Task instructions -
In the data below, locate the line containing "center traffic scene" and the line containing "Scarpin Feminino Bico", then retype both and everything between them exactly. Pictures are not part of the copy.

Input for this task -
———

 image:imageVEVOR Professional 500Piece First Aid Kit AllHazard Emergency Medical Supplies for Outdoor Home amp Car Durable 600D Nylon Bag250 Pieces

———

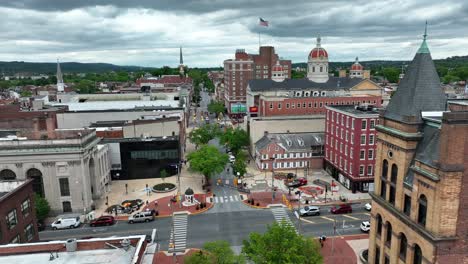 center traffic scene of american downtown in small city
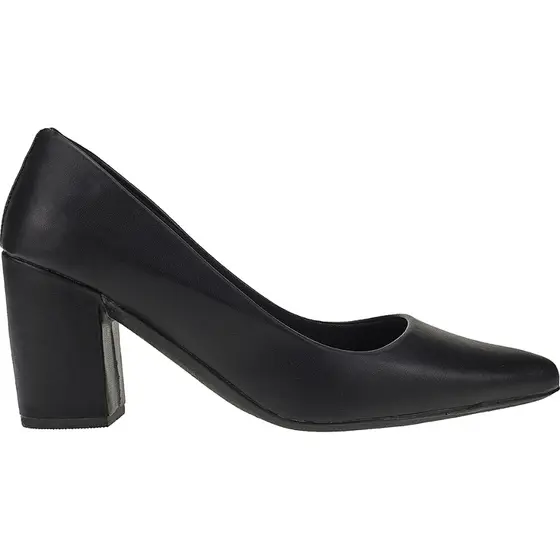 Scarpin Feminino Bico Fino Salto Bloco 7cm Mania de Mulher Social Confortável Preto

———

Solution to this task -
 center traffic scene of american downtown in small city
 Scarpin Feminino Bico Fino Salto Bloco 7cm Mania de Mulher Social Confortável Preto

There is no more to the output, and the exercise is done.